Let’s take a look at three different drives that could have been, but weren’t, thanks to poor line play.
After going three-and-out on their first possession and scoring on the second, the 49ers seemed to be rolling yet again. The Rams punted to San Francisco’s 40-yard line and the 49ers took over, moving the ball quickly. After a short Brandon Jacobs run, Kaepernick completed a 16-yard pass to Randy Moss. Then Frank Gore got the call on a run between left guard and tackle — it should have been a gain of 16 yards, but Joe Staley turned it into a 10-yard loss instead.
Staley has Michael Brockers well handled when Gore takes the handoff. He holds the block through Gore’s cut and is still legally holding off the defensive tackle when his running back gets past them.
Brockers reaches for Gore as he passes, but he never would have gotten a hand on him. This was where Staley made his mistake, tackling Brockers after Gore reaches the second level.
There it is. The call wiped out a 16-yard run, back up the offense to their own 42-yard line, and the 49ers punted three plays later.
I don’t mean to pick on Staley, but it got worse for him on the next drive. The 49ers got two quick first downs on passes to Delanie Walker and Michael Crabtree before they turned to the run to try and move the chains.

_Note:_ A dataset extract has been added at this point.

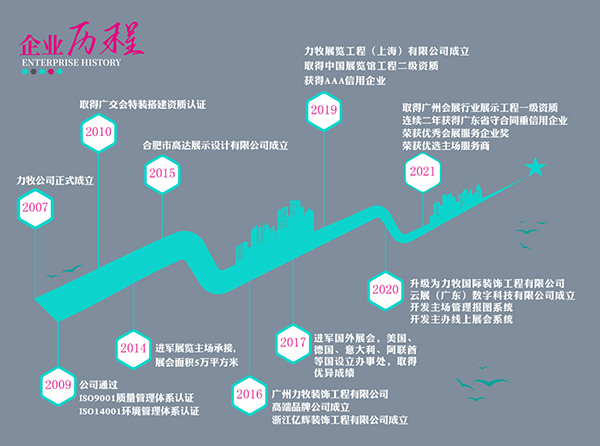 公司簡介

The first run for Gore netted two yards, but the second one was the real drive killer.
Initially, Staley is supposed to take on William (Willie Mayes?) Hayes, but safety Craig Dahl runs up on a blitz when the ball is snapped. Staley chips Hayes quickly and then lets him go to block Dahl. Meanwhile, Gore takes the handoff and heads towards right tackle.
Mike Iupati pulls and Bruce Miller follows him, so no one is accounting for Hayes. Dahl may have gotten to Gore in the backfield, but the man with the shortest route to the running back is Hayes. Staley should have recognized that.
Hayes catches Gore for a three-yard loss. In the interim, Staley couldn’t hold his block on Dahl, so he watches as both of his assignments run free in the backfield. The next play was an incomplete pass and the 49ers were forced to punt from midfield yet again.
This drive — which started at the 49ers’ 4-yard line — may not have gone anywhere, but at least their backs weren’t against the wall anymore after a 17-yard pass to Mario Manningham. Then the Rams dialed up an exotic blitz that center Jonathan Goodwin couldn’t handle.
The Rams bring both Janoris Jenkins and James Laurinaitis on a blitz. Gore picks up Jenkins, but Goodwin focuses on Kendall Langford and does nothing to account for Laurinaitis, who supplies the initial pressure. This causes Kaepernick to scramble right into Jenkins’s pressure.
Langford gets past Goodwin and Laurinaitis comes through the line untouched. Had Goodwin stopped at least one of them (preferably Langford, which would have given his quarterback an escape valve to the left), Kaepernick would have been able to step up in the pocket, or at least escape the pressure by running forward. Instead it resulted in a safety — two points that were integral in the Rams tying the game, and later, winning it.
These are just a few examples of how the offensive line hindered drives. According to Pro Football Focus, Kaepernick had an average time to throw of 2.94 seconds, the lowest of all his starts. The linemen were called for three different holding penalties, all on separate drives that stalled as a result. Finally, Frank Gore averaged a season low 2.52 YPC, which had more to do with his blocking than his running. PFF gave run blocking scores of -.4, .1 and .7 to Goodwin, Staley and Iupati respectively — far below their season averages. It all adds up to a bad offensive day for the red and gold, and it’s in stark contrast to the 49ers’ performances against the Bears and Saints — proof that when the blocking goes, so goes the scoring.